И сел работать. Но впервые в жизни
Ни «Моцарт и Сальери», ни «Цыганы»
В тот день моей не утолили жажды.

«Тяжелая лира» Ходасевича не просто тяжелая, она неподъемная, и он прикован к ней, как каторжник к ядру. «Я падаю в себя», – провозглашает поэт, выдавая желаемое за действительное. Россия и революция, поэзия и русская речь – вот что составляет обнаженный нерв творчества Ходасевича.

Воспринимая революцию как смерть души, страны и народа, он знал:

Так и душа моя идет путем зерна:
Сойдя во мрак, умрет – и оживет она.
И ты, моя страна, и ты, ее народ,
Умрешь и оживешь, пройдя сквозь этот год, —
Затем, что мудрость нам единая дана:
Всему живущему идти путем зерна.

Ходасевич эмигрировал: Германия, Франция, Италия – словом «Европейская ночь». «Все каменное, в каменный пролет уходит ночь» – гадость…

Он, и как спасение, вспоминает свою кормилицу:

Там, где на сердце, съеденном червями,
Любовь ко мне нетленно затая…

В этом «сердце, съеденном червями» – весь Ходасевич.

И вот, Россия, «громкая держава»,
Ее сосцы губами теребя,
Я высосал мучительное право
Тебя любить и проклинать тебя.

И млечное родство с языком, без которого не бывает полноценной личности, обостренное у Ходасевича до растворения в языковой стихии:

Люблю из рода в род мне данный
Мой человеческий язык:
Его суровую свободу,
Его извилистый закон…
О, если б мой предсмертный стон
Облечь в отчётливую оду!

Ахматова Анна Андреевна

(1889–1966)
Я Гумилеву отдавал визит,
Когда он жил с Ахматовою в Царском.
Ахматова устала у стола,
Томима постоянною печалью,
Окутана невидимой вуалью
Ветшающего Царского Села…

Это – enfant terrible Серебряного века, Игорь Северянин, из безмятежной в 24 году Эстонии.

Здесь весь джентльменский набор дореволюционных представлений об Ахматовой – томная, печальная, утомленная; тут же (куда же без нее) вуаль и Царское Село. Этакая акварель не то Бакста, не то Сомова, а, может быть и Бенуа.

Не знал эгофутурист, что той, прежней Ахматовой, нет более; что уже написаны программные «Мне голос был» и «Не с теми я, кто бросил землю…», в которых была угадана дальнейшая жизнь и судьба.

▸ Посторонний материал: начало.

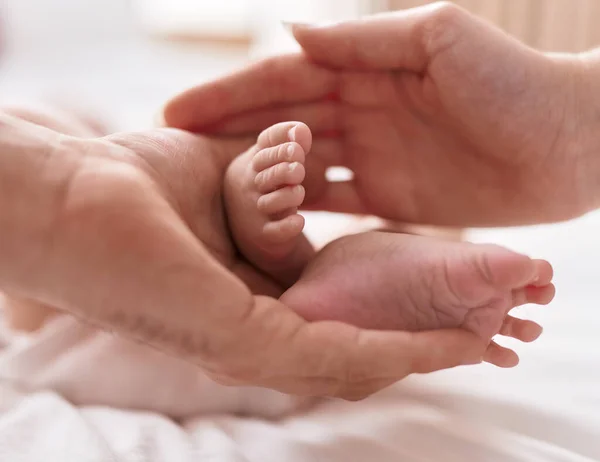 Adorable Caucasian Baby Lying Bed Having Feet Massage Bedroom — Stok fotoğraf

Утешный голос в 17 году обещал:

Я кровь от рук твоих отмою,
Из сердца выну черный стыд,
Я новым именем покрою
Боль поражений и обид.
Но равнодушно и спокойно
Руками я замкнула слух,
Чтоб этой речью недостойной
Не осквернился скорбный дух.

Дух поэта, преисполненный скорби и суетные соблазны несовместимы, как гений и злодейство. Те, кому это было адресовано, не поверили Ахматовой: «царскосельская веселая грешница» и вдруг…

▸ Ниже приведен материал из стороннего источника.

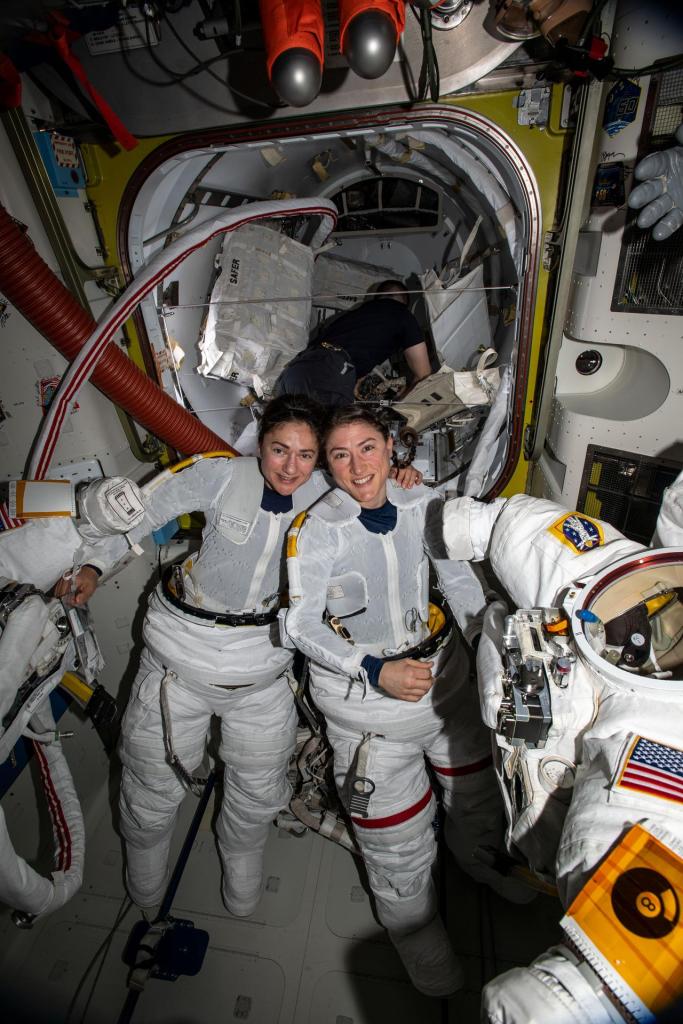 NASA astronauts Jessica Meir (left) and Christina Koch (right) are putting on their spacesuits while smiling at the camera.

Через пять лет она высказалась еще более жестко и определенно:

А здесь, в глухом чаду пожара
Остаток юности губя,
Мы не единого удара
Не отклонили от себя.
И знаем, что в оценке поздней
Оправдан будет каждый час…
Но в мире нет людей бесслезней,
Надменнее и проще нас.

Не «крылатую свободу» она выбрала, а невыносимую, лютую родину, и обрела надменность Данте, своими ногами попиравшего ад.

Вещая природа гения подсказала ей, что все, оставшееся за чертой, надо от себя отрезать, беспощадно, безвозвратно, себя от себя отрезать, стать другой. И не единого удара не отклонять, быть с той землей, в которую ляжешь, быть со своим народом, все пережить, все запомнить, выстоять, стать голосом времени – великим поэтом.

В неистовую ярость приводили Ахматову те западные исследователи ее поэзии, которые утверждали, что главная часть ее творчества состоялась до 17 года, что после революции она писала мало и не о том, о чем должна была бы писать.

Ее хотели запереть в тесной каморке полумонашенки, полублудницы; она, наверное, ненавидела хрестоматийную перчатку, надетую не на ту руку, как Фаина Раневская, ненавидела свое знаменитое: «Муля, не нервируй меня!»